The Influence of Twitter

If the Framers of the U.S. Constitution had the ability to time travel two-hundred and thirty years into the future, they likely would be fascinated not only by electricity, space travel, the iPhone, and modern fashion trends, but by the scope and power that their words still hold today within the U.S. Constitution. They could not possibly have imagined developments in technology that deeply complicate many of the rights that were guaranteed to Americans back in the late eighteenth century. From the semi-automatic rifle, to the NSA, we are constantly forced to question exactly what the Framers meant by their language in the Bill of Rights and how that applies to current, ever-changing technology and politics. The emergence of a unique news and social change platform Twitter and the question it poses about the freedom of speech in a corporate america is no exception. Twitter complicates the way we have to interpret our first amendment rights because it forces us to question how much sway our rights hold when under the reign of a corporation. In the modern world when the globe’s most influential people are interacting on a corporation’s platform, we have no choice but to question how our rights work and to whom they apply when living in the global, media-centered society of 2017.

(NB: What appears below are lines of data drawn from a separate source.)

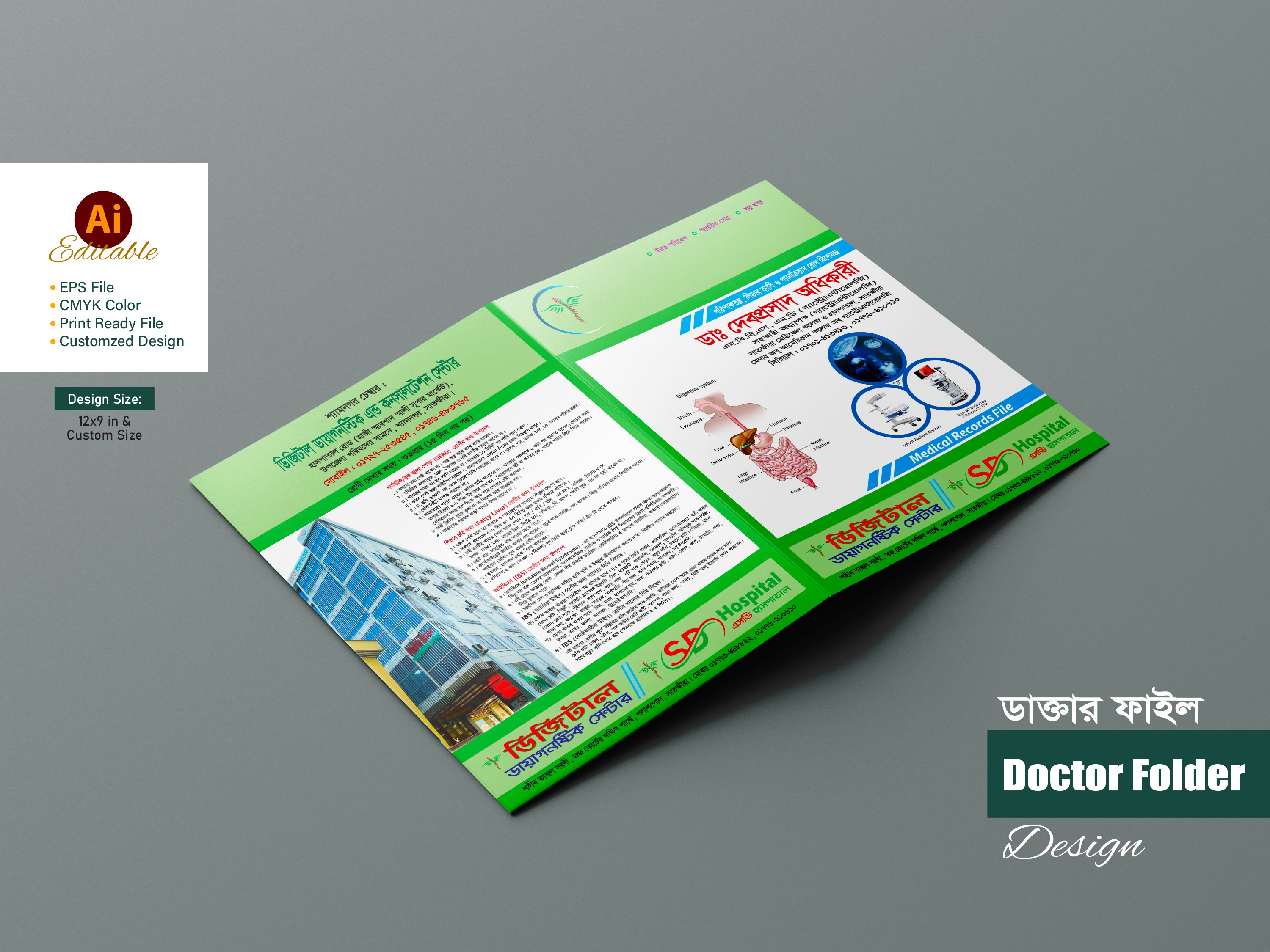 Doctor Folder Template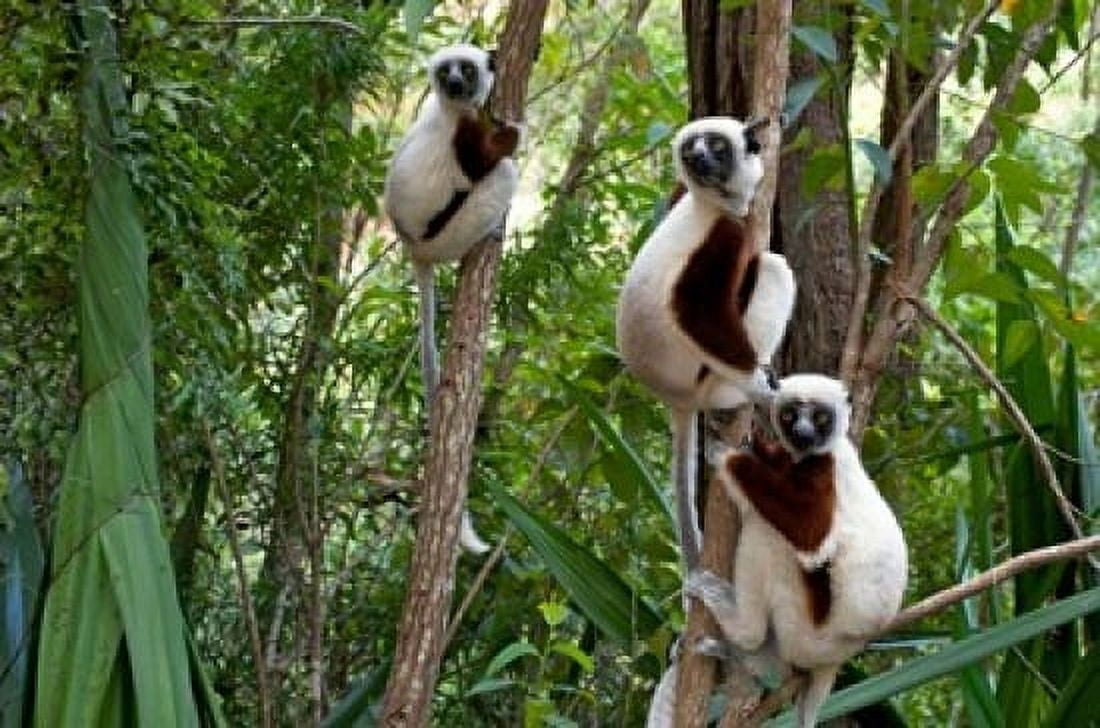 Coquerels sifakas (Propithecus coquereli) Madagascar Canvas Art - Andres Morya Hinojosa DanitaDelimont (29 x 19)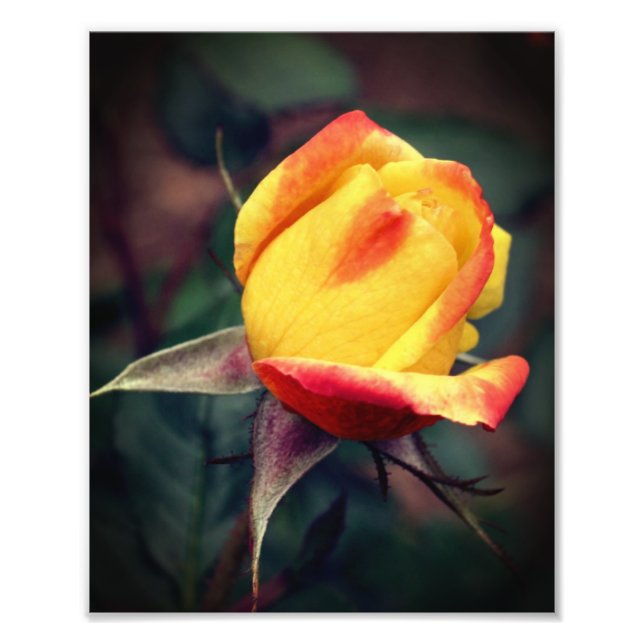 Foto Rosebud amarillo con luces rojas 8x10 (Frente)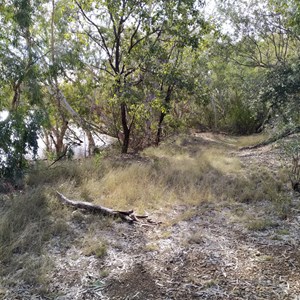 Marella Campsite 2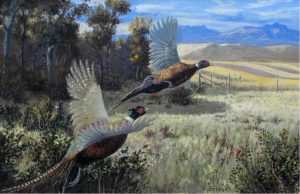 Elmer Schock: TO CLOSE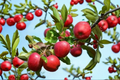 Cortland Apple Tree 4-6 ft Live Tree - Malus domestica Cortland Variety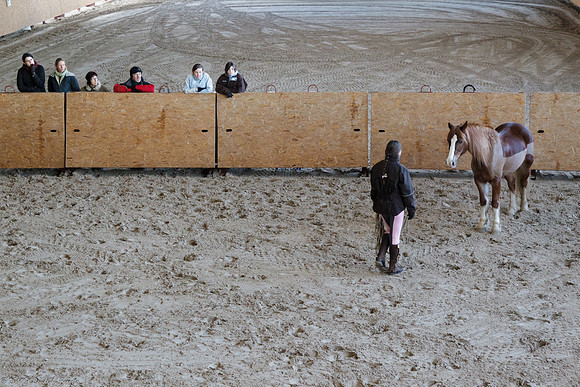 Travail avec le cheval en liberté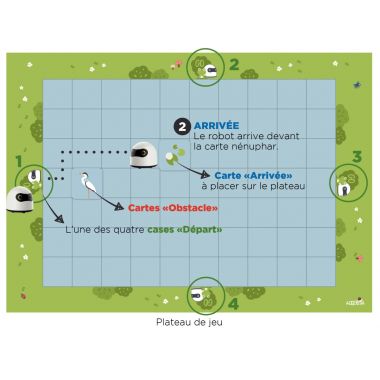 Codage grenouille niveau 1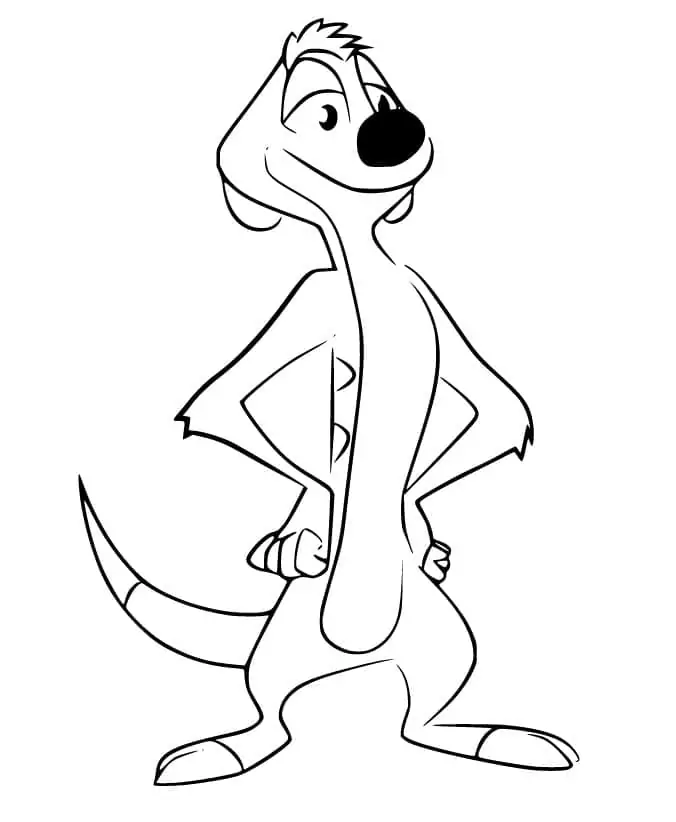 Timon from The Lion Guard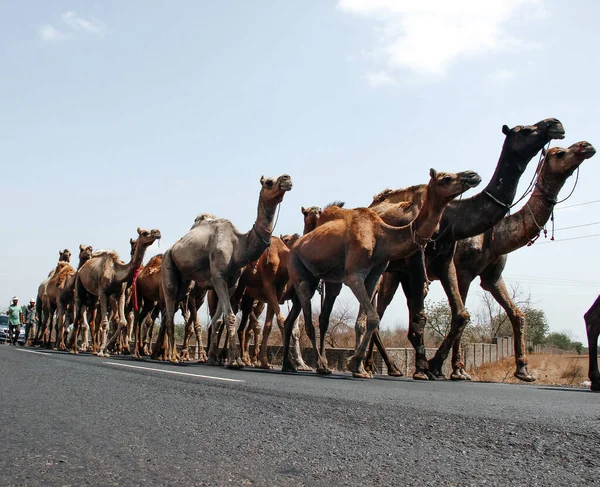 Camel 'larla seyahat et. Deve. Hindistan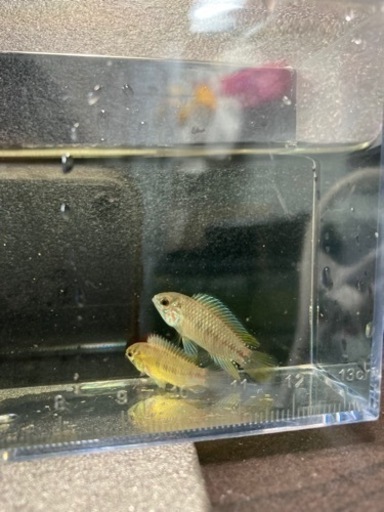 少量熱帯魚入荷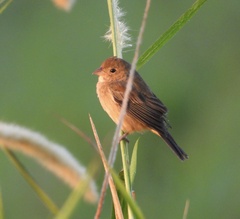Passerina cyanea
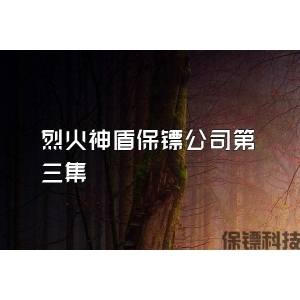 烈火神盾保镖公司第三集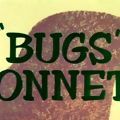 Photo Bugs' Bonnets
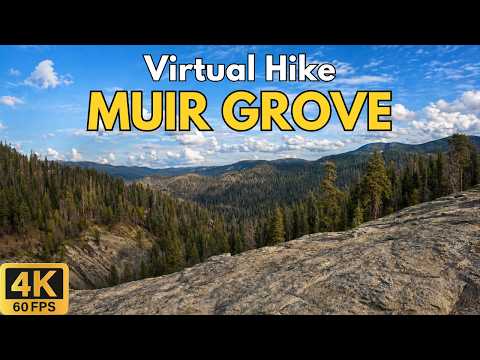 Muir Grove 4K POV Hike | Giant Sequoias & Granite Dome | Sequoia National Park | Treadmill Walk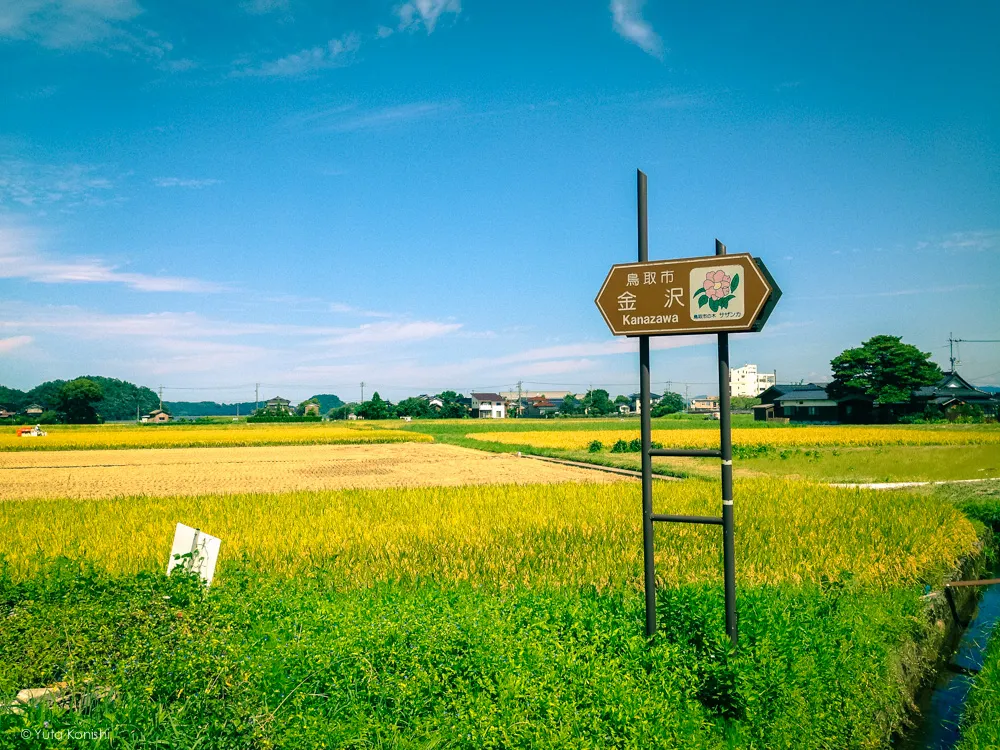 鳥取県 金沢 石川県金沢の名前の由来を完全解説！もう「芋掘り藤五郎」が金沢の由来だなんて言わせません！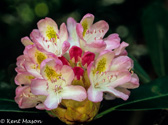 07-32 RHODODENDRON FLOWERS, WV  © KENT MASON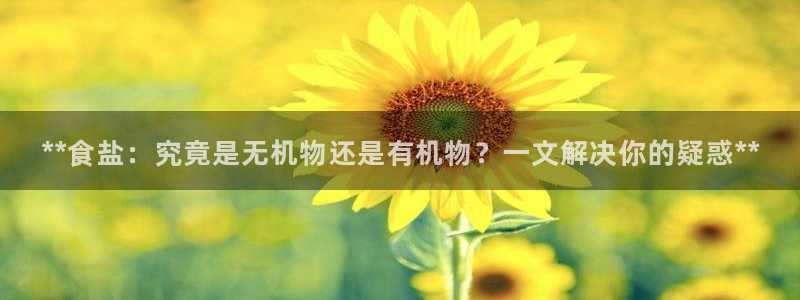 威九国际软件
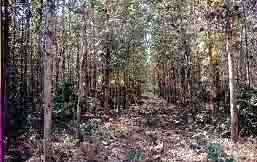 Teak Plantation - 2000 Image2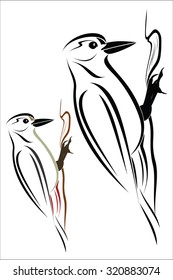 Woodpecker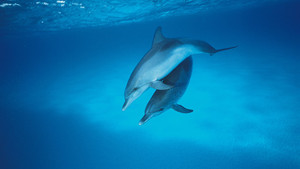 Dolphin video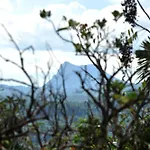 Springhill Homestay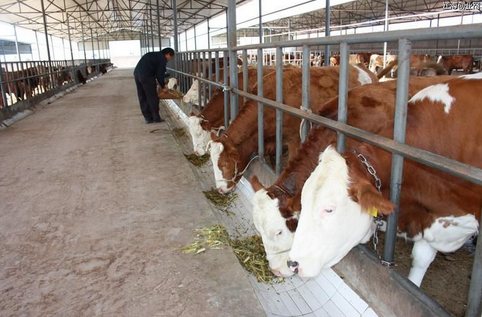 宁夏固原市大力发展肉牛养殖业，家家户户种草养牛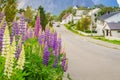 Norwegian fishing village, Reine Lofoten Norway Royalty Free Stock Photo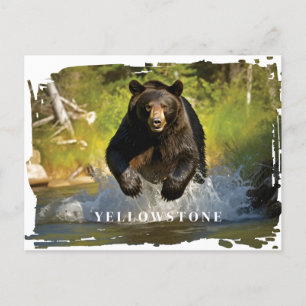 Vyellowstone Black Bear-vykort Vykort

The Framers likely had no concept of what the modern-day corporation would be like in 2017. They did not know that the Citizen United v. Federal Election Commission case would rule that corporations had the same free-speech rights in campaign donations as an individual person. They also likely would not even be able to conceptualize the issues of a social media platform banning or censoring user’s speech. Not only that, but they would perhaps be disappointed by our use of these social media platforms for news and information. The current issues and questions of our free speech are now forever intertwined with the constantly evolving use of social media and technology to share and gain information and have complicated the way we look at company’s choices, the way we learn and communicate, and even our bill of rights.

Twitter has arguably revolutionized the way people get their news and communicate. It is used as a medium for news, jokes, conspiracy theories, campaigns, advertisements, communication, and even dramatic political revolutions. It is seemingly a fairly open network used for everyone, of all walks of life, locations, political views, and opinions to convey their message to the world in an effective and concise way. On their website, Twitter constantly attempts to convey the message of being a barrier-free platform. In their values they say that they “believe in free expression and think every voice has the power to impact the world” and that, “diverse perspectives make us stronger.”

Inevitably, people attempt to put statements like that to the test. For example, public figures like ex-Breitbart writer, Milo Yiannopoulos, have attempted to test the limits of Twitter’s values by saying purposely divisive and controversial things on the platform. Allegedly, though Twitter has yet to issue a statement on it, he was banned. Milo’s fans argue that Yiannopoulos’ ban, was not rooted in any aspect of Twitter’s conduct code, aside from their privilege to ban any account, at any time, for any reason. Because they seemed to lack any sort of outward justification for Yiannopoulos’ ban, Twitter faced significant backlash from his supporters. However, there is an argument to be made that Yiannopoulos’ tweets towards actress Leslie Jones, referring to her as untalented and “illiterate” constitute as harassment and justify a ban. Though seemingly valid, through quick analysis it is clear his tweets are arguably not any worse than the hate that he has received from other, un-banned, twitter users telling him to “kill himself as soon as possible” (@cccyyynnnooosss) or other countless tweets of similar harassment or death wished towards both him or and many others twitter users. These actions by Twitter force many people, whether supporters of Yiannopoulos’ rhetoric of not, to believe that Twitter is infringing their rights of free speech by banning someone whom they simply disagree with or who is just more vocal about less popular opinions.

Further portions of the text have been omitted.